In 1992, Angolans cast their votes in the first presidential elections since independence in 1975. Jose Eduardo Dos Santos won the election, but only by a plurality. This should have forced a second round of voting, but the nation was instead plunged back into civil war when runner-up Jonas Savimbi rejected the results outright. Savimbi was killed in 2002--either in combat, or by a CIA grown tired of its erstwhile puppet's pulling a Pinocchio on them, or by agents of Angola's old colonizer, Portugal. It hardly matters, since the relative peace and quiet since his passing sure makes it look like he needed to be shown the door.

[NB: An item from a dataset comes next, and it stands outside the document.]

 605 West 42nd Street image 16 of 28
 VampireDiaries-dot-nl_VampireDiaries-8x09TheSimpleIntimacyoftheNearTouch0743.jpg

Oddly, Dos Santos' government wants to explore the feasibility of finishing the elections started thirteen years ago, now that the runner-up is a corpse. Now I'm not too familiar with Angolan politics, but this looks to me like a tricky scheme to sideline all other opposition candidates by telling them that they cannot run in the elections in 2006, since the citizens will actually be voting in a run-off and not in a general election. Santos would be pretty much guaranteed to win a run-off between him and a replacement candidate from UNITA, partly because the return to violence in 1992 hurt UNITA's support but mainly because Dos Santos has since used his power to consolidate control over the media. I suppose this could also justify Dos Santos' declaring that he's actually beginning his first term in 2006, circumventing Angola's constitution's limit of two five-year terms. And speaking of the constitution, let's look at Article 57, Section 2:
The President of the Republic shall be elected by an absolute majority of valid votes. If no candidate obtains one, there shall be a second vote in which only the two candidates who obtained the greatest number of votes in the first and who have not withdrawn may compete. [Emphasis mine.]

It seems obvious to me that dying is tantamount to withdrawing from the race, since you've effectively withdrawn from all things earthly. Dos Santos' apparent inclination to a run-off against his deceased nemesis starts to look less and less like principled adherence to rule of law.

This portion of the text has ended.